DİNİN VE HAKİKATIN GÜNEŞİ
Şehrabani ALLAHVERDIYEVA
Öz
“Şarkın mana denizi” adlandırılan Şems Tebrizi’nin hayatı sırlarla, muammalarla dolu idi. Zamanın devriyesinden çıkıp, sevgi devriyesine girmeyi beceren Şemsettin Tebrizi. Görkemli Azerbaycan filozofu, mütefekkiri, sofi yolunun yolcusuydu.
Şems gelecek hayat yolu hakkında çok düşünür ve sonunda kamilleşme, hakikate varma yolunu – dervişliği seçer.
Denilenlere göre, Şems “Allah’ım, gizli dostlarından birini karşıma çıkar.” diye dua edermiş. Nihayet, bir gün ona gaipten bir ses gelir: ”Mademki, bu kadar ısrar ediyorsun, bunun şükrü olarak karşılığında ne verirsin?” Şems düşünmeden “Başımı” diye cevap verir.
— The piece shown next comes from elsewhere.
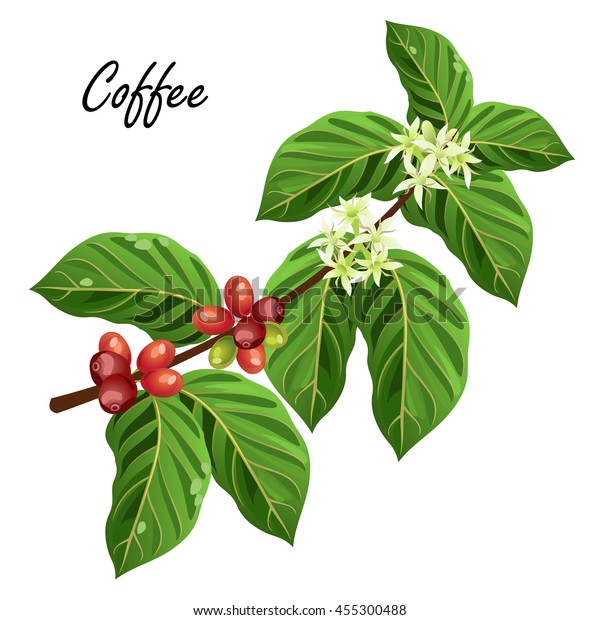 豆と花を持つコーヒーの木の枝 白い背景にベクターイラスト のベクター画像素材 ロイヤリティフリー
Ona aradığı şahsın Anadolu’da Mevlana Celalettin Rumi olduğu söylenir.1244 yılında Şemsettin Mevlana Celalettin Rumi ile görüşmek için Osmanlı ülkesine gitmiş, şehir-şehir onu aramış, nihayet Konya şehrinde ona ulaşabilmiştir.
Mevlana Celalettin Rumi’nin Türk sofi taliminin banisi seviyesine kalkması Şems Tebrizi ile görüşmesinden sonra oluşuyor.
Onların karakteri tarihte el-ele tutup Allaha doğru giden mukaddesler gibi kalacak.
Bir de sofi şair Şems sağlığında “Bizim mezarımızı mezarlıkta değil, gönüllerde arayın” demişti.